Сейчас существует четкое деление: танцы и женское одиночное – это Москва, пары и мужское одиночное – это Питер. Но тогда Москва с Ленинградом соревновались в каждом виде. В Москве – Щеглова, в Ленинграде – Александрова; в Москве – Четверухин, Волков, потом Ковалев, в Ленинграде – Овчинников, Бобрин, Лисовский. Танцы – это московская епархия, ленинградцев в них никогда не было. А парное катание – начиная с Белоусовой и Протопопова – постоянная борьба, постоянные упреки в необъективности… И Москва чаще побеждала в этом негласном соревновании.

Ленинградская школа фигурного катания основана на театральных традициях, точнее, на балетных. А московская – образцово-показательная, в ней, на мой взгляд, больше техники, но меньше души.

Елена Анатольевна Чайковская для меня была самым ярким выразителем московской школы. Когда соревновались такие танцевальные пары, как ученики Тарасовой Моисеева и Миненков против учеников Чайковской Линичук и Карпоносова, я не считал вторых конкурентами по эстетическим позициям. Мне не нравилось, как они исполняют лезгинку, как они танцуют под мелодии суперпопулярного тогда певца Джо Дассена. Я не мог серьезно относиться к Гениным любовным порывам на льду. Я, как Станиславский, не верил! Но за Линичук и Карпоносовым стояла Чайковская, а я не принимал ее творческую линию. Мы иногда с ребятами сидели около телевизора и считали, сколько раз ее ученики в программе присядут на колено. Доходило до конфуза: мы сбивались со счета, как-то я насчитал семнадцать раз. Как может такой великий тренер, а Елена Анатольевна бесспорно заслужила такое определение, не видеть подобных просчетов?

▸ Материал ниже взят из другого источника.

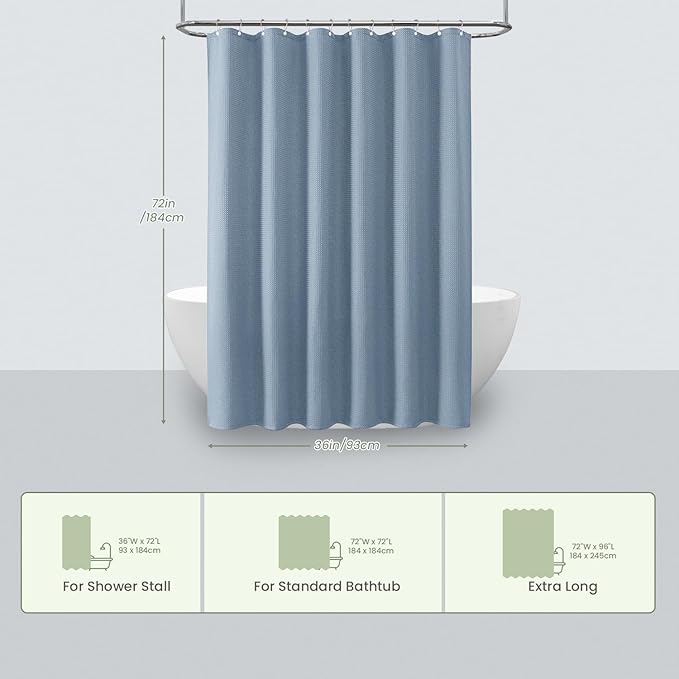 Inhousolu Fabric Shower Curtain Waffle Weave, Fog Blue 230 GSM Heavy Duty, Weighted Hem, 8 Metal Hooks, Water Repellent, Machine Washable, Hotel Spa Luxury Bath Curtain Set, 36 x 72 Inch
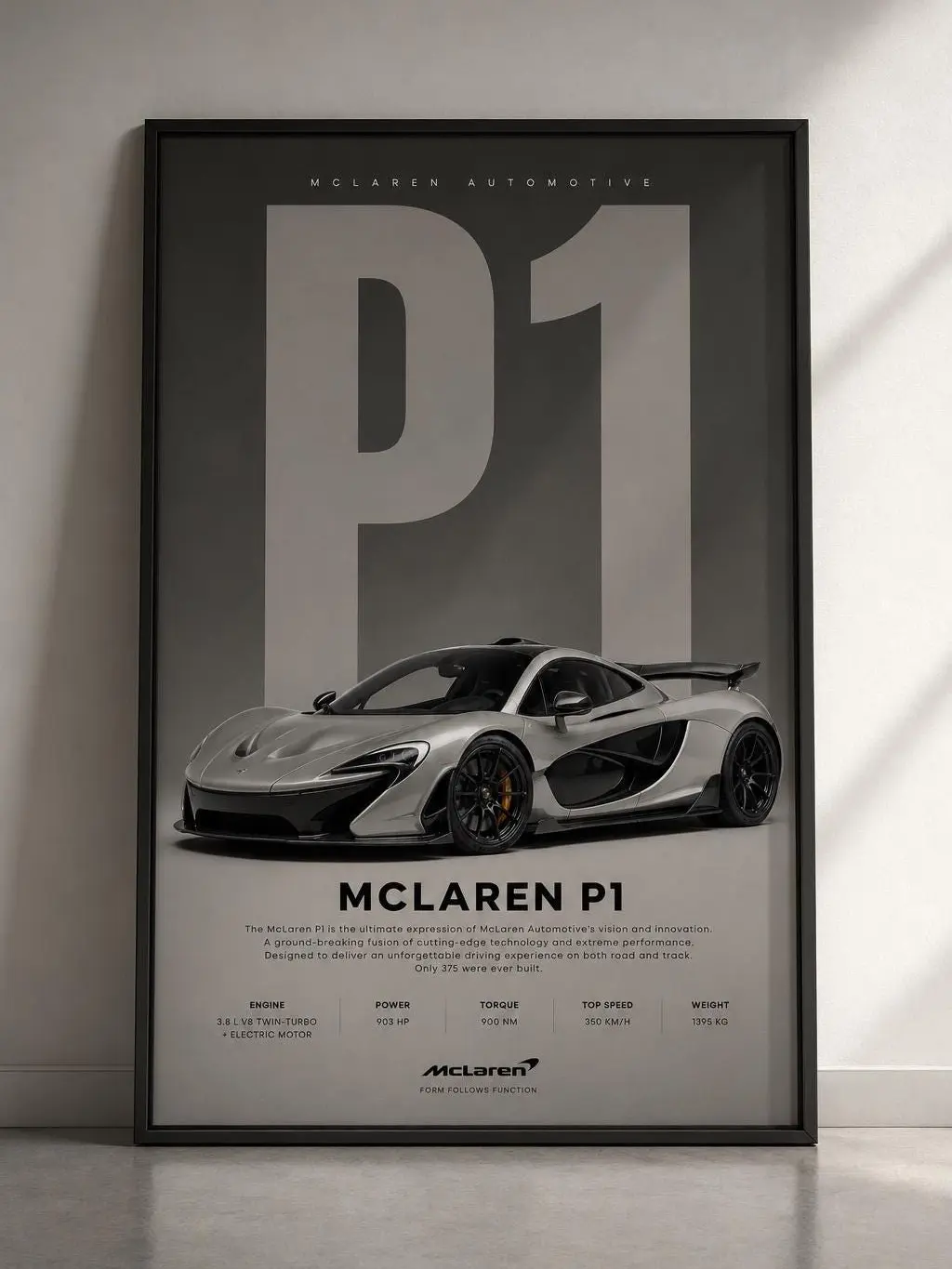 McLaren P1 Poster | McLaren Wall Art | Supercar Print | Automotive Decor, Product without frame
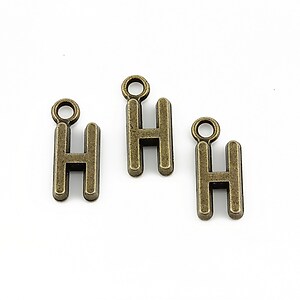 Charm bronz litera H 16x7mm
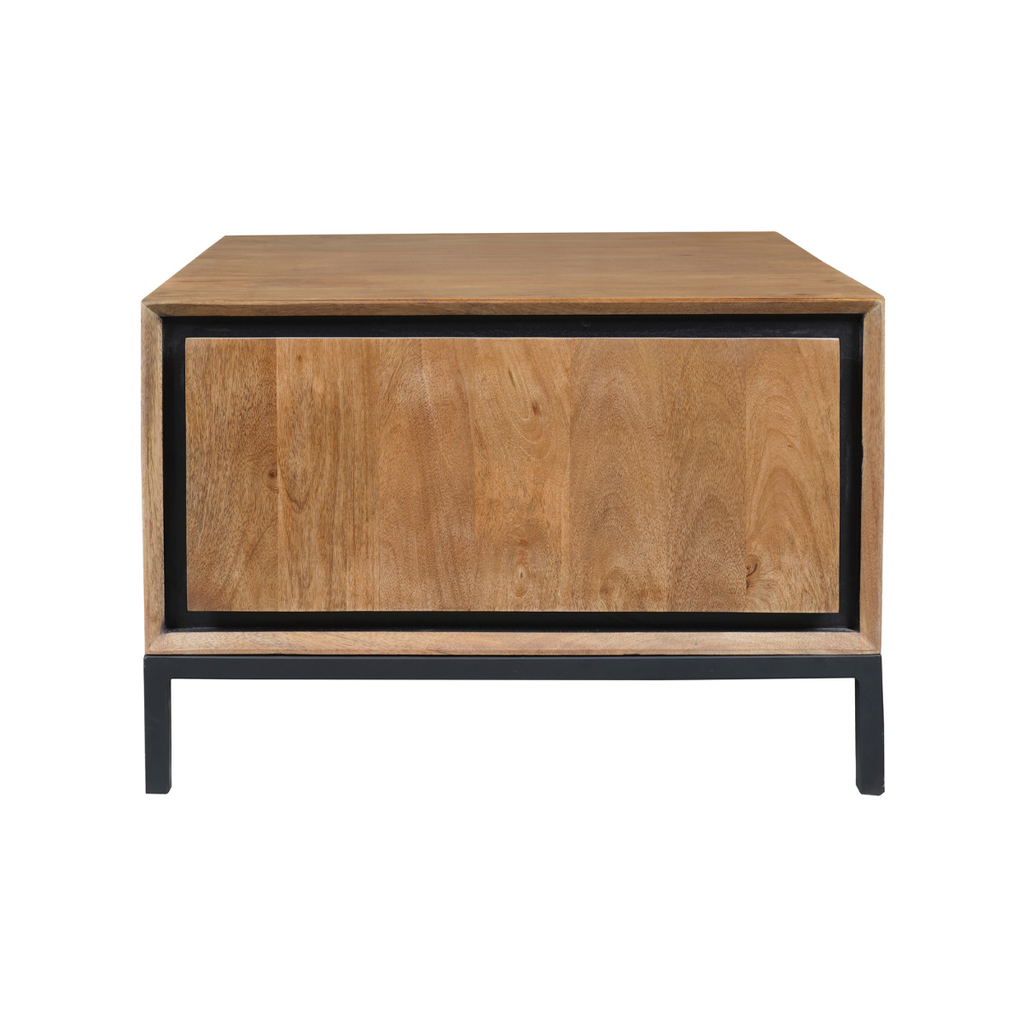Bijzettafel RichWood | Mangohout | Zwart onderstel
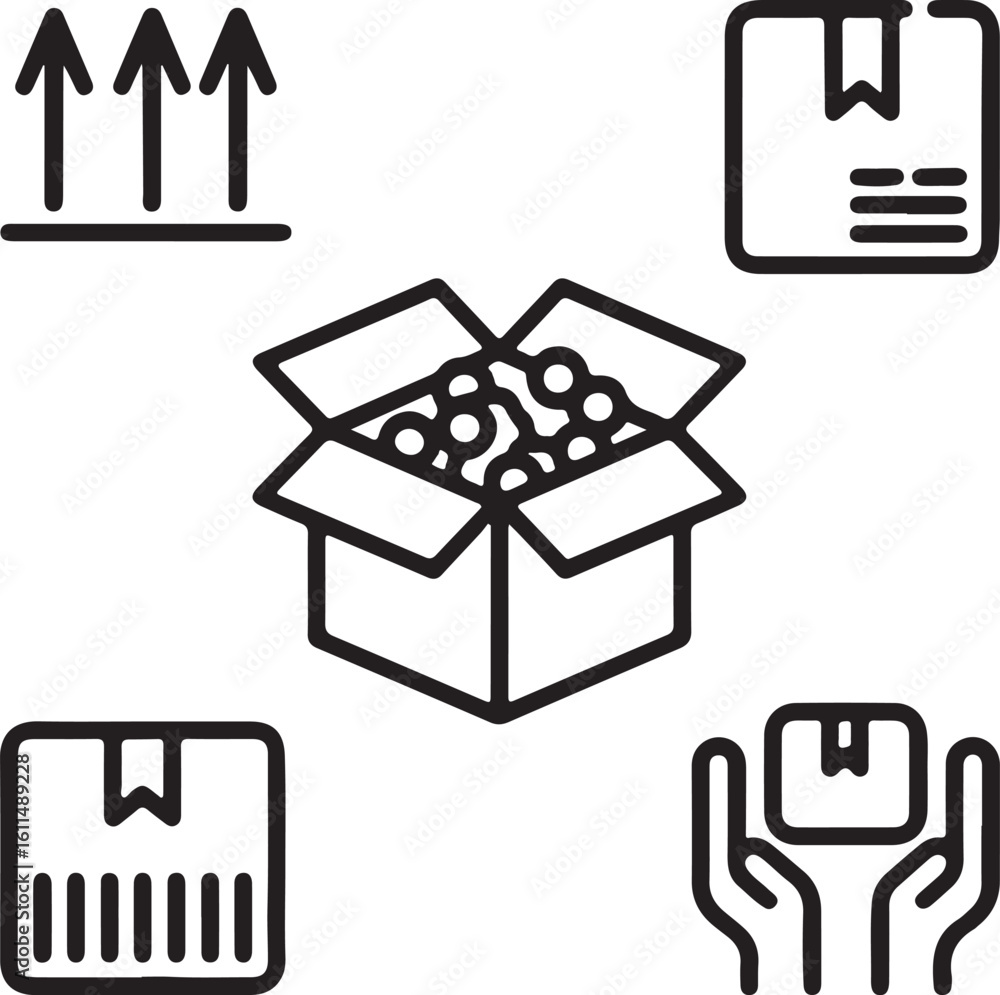 Poster shipping and handling icon set with open box arrows up and care symbols in a simple black and white 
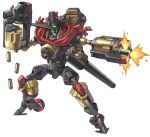  bullet cape full_body green_eyes gun little_tail_bronx mecha mecha_focus no_humans official_art red_cape robot salamander_(solatorobo) simple_background solatorobo solo standing tachi-e tanimeso third-party_source weapon wheel white_background 
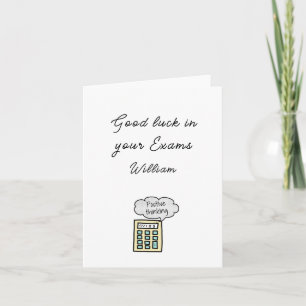 Good Luck for your exams Card. Custom Name  Card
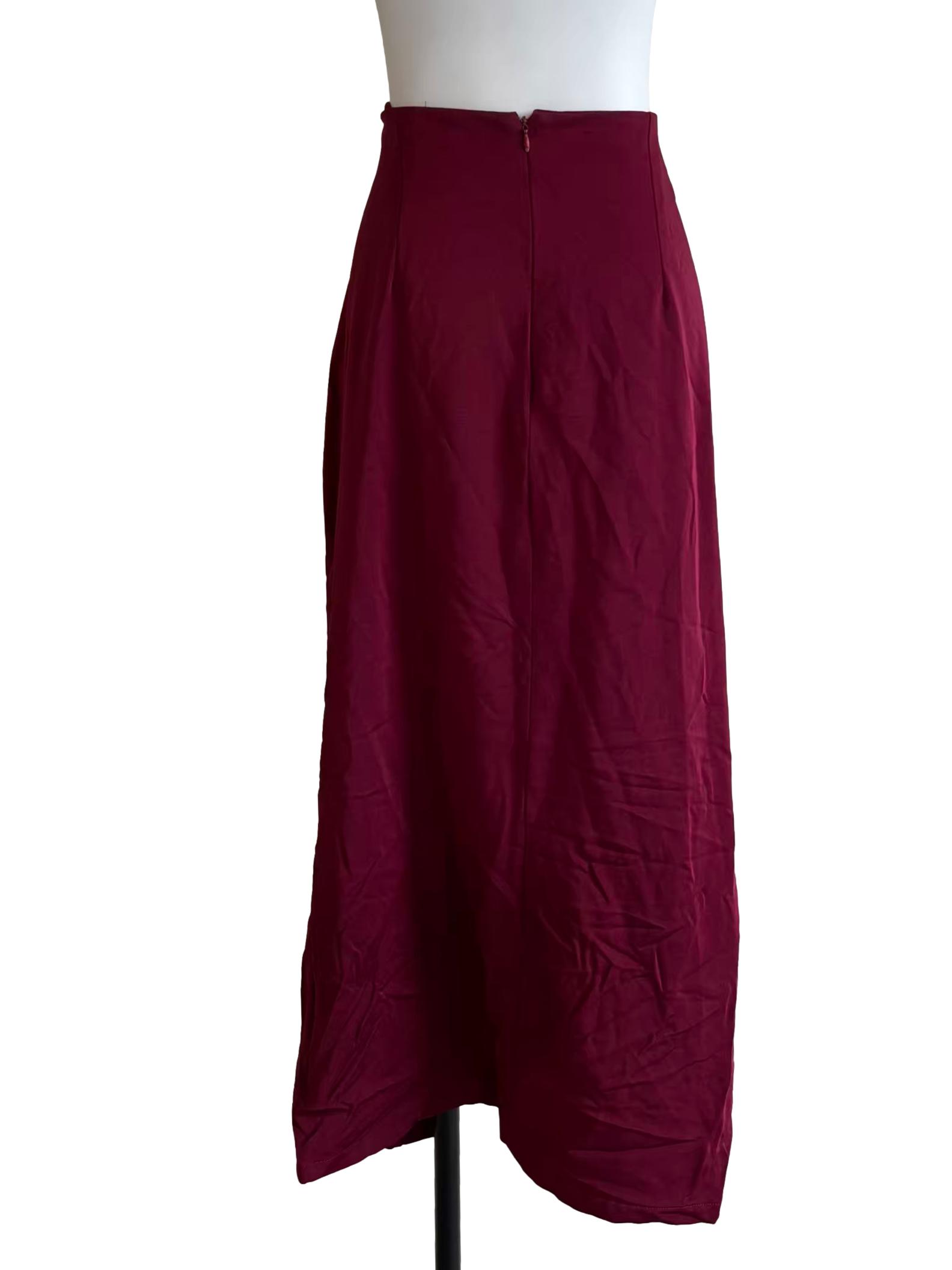 Berry Red Buttoned Midi Skirt
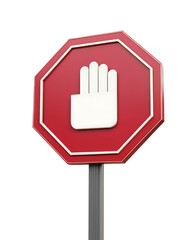 Obraz premium Red octagonal stop sign with white hand symbol isolated on a transparent background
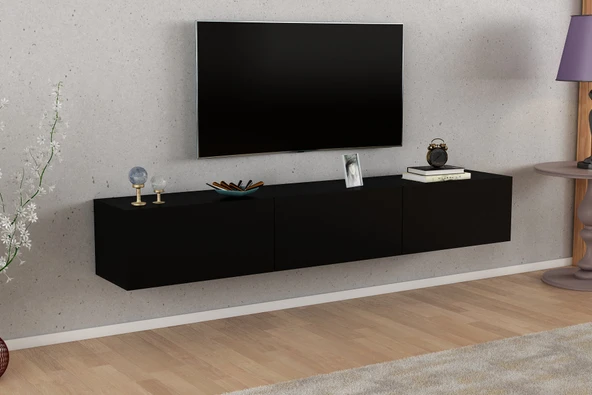 LENDA Yaren 3 Kapaklı Duvara Monte Tv Ünitesi - Siyah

Но прежде всего мое неприятие вызвано тем, что она сказала про «Паганини»: «Не надо махать руками перед сложным прыжком». И еще одна деталь: к ней от Игоря Борисовича Москвина ушел Володя Котин. Володя считался большой надеждой Москвина, и я в какой-то мере считал себя его наставником. Я с ним, еще с маленьким мальчиком, возился и показывал, как и что. Котин как хвостик за мной бегал. Его поклонение выглядело очень трогательно, а потом он подошел ко мне и сказал: «Игорь, я должен уйти к Чайковской, потому что, живя в Питере, никогда не смогу никуда вылезти». Открытым текстом и абсолютно честно. Было обидно: а как же патриотизм? Из Питера уезжать в Москву тогда еще не было принято. Кроме Саши Зайцева, по-моему, никто из фигуристов в Москву не перебрался. Тем не менее Котин изменил Москвину, Ленинграду и даже мне.